◆ TASK DETAILS
Reproduce word for word every line from the one containing "на откачивание воды" to the final line of the data below; omit the pictures.

◆ Collected data
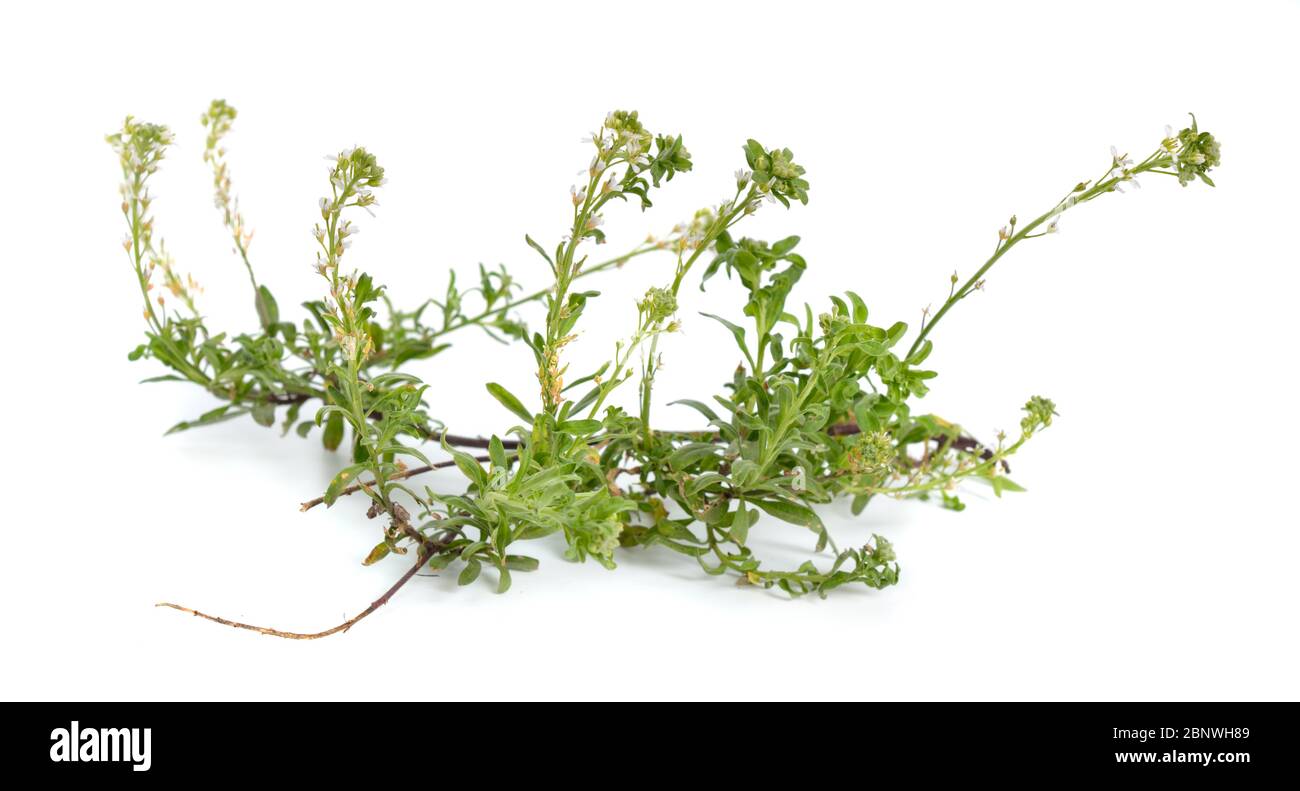 Terra Frill Top White Alyssum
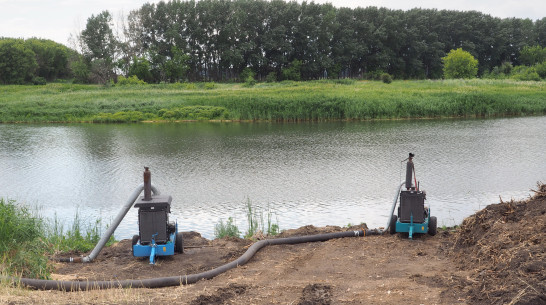 «Не пруд, а лужа». Дачники из воронежского села пожаловались на откачивание воды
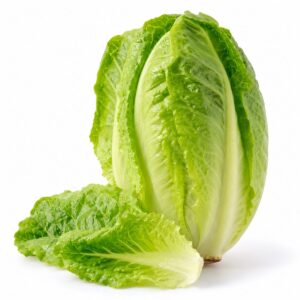 Egyptian Lettuce — export quality by Nile Prime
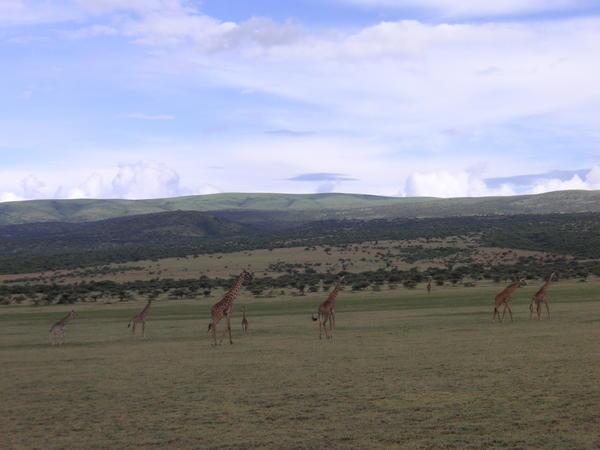Running Giraffe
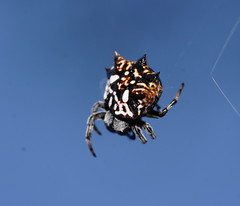 Gasteracantha sacerdotalis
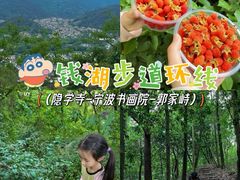 -东钱湖旅游度假区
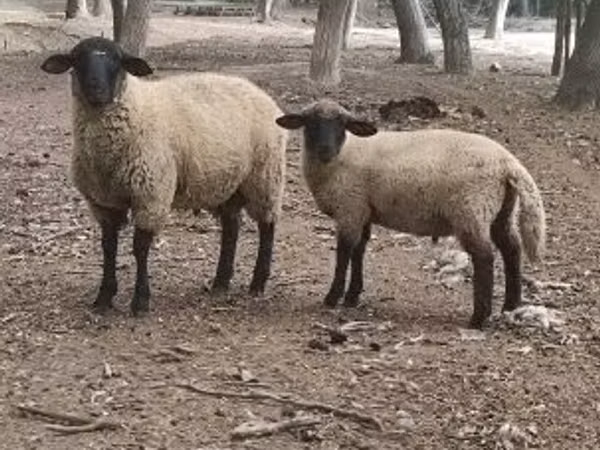 Баран, Белый суффолк овца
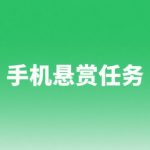 手机悬赏任务app下载安装（十大悬赏任务平台app大全）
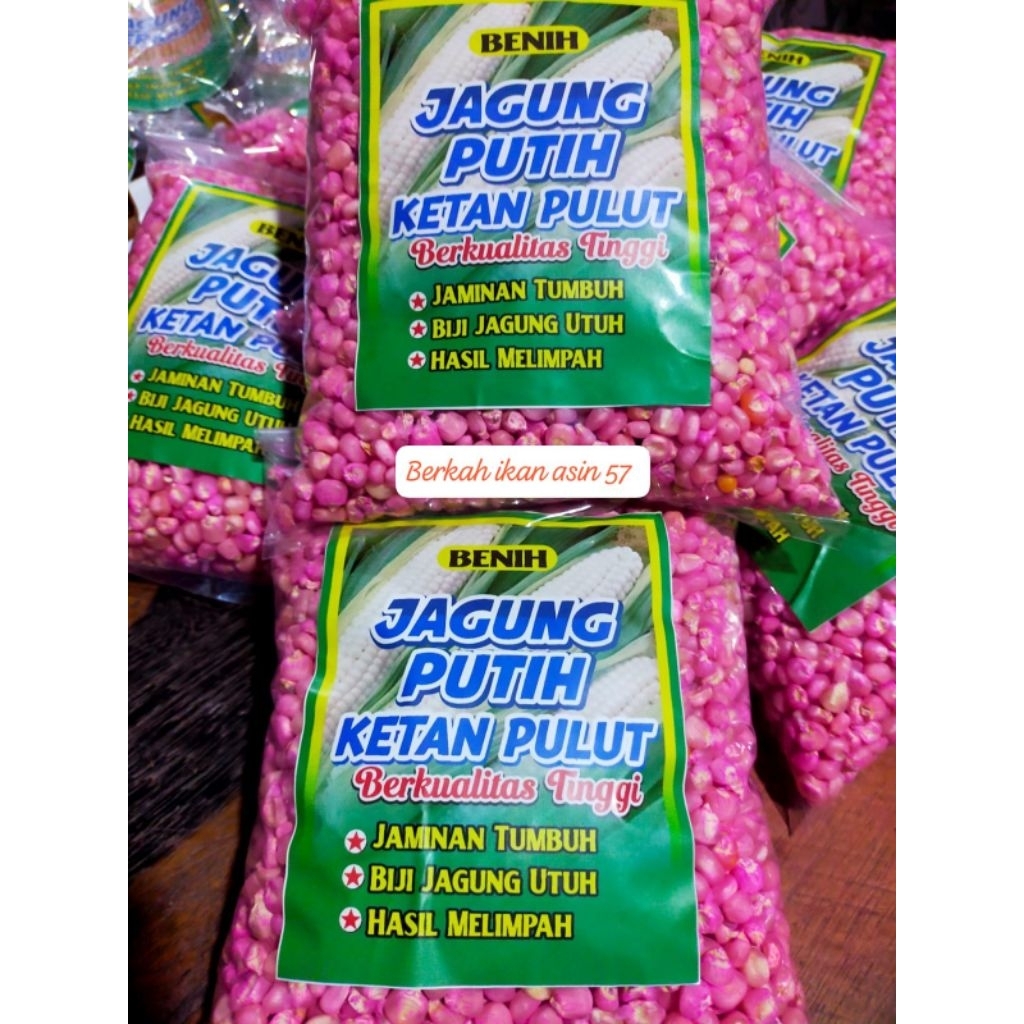 Teh_Teh Maniez 1Kg Benih Jagung Ketan Pulut Putih Fres Primium Siap Tanam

◆ RESPONSE AREA
 «Не пруд, а лужа». Дачники из воронежского села пожаловались на откачивание воды
 Egyptian Lettuce — export quality by Nile Prime
Running Giraffe
 Gasteracantha sacerdotalis
 -东钱湖旅游度假区
 Баран, Белый суффолк овца
 手机悬赏任务app下载安装（十大悬赏任务平台app大全）
 Teh_Teh Maniez 1Kg Benih Jagung Ketan Pulut Putih Fres Primium Siap Tanam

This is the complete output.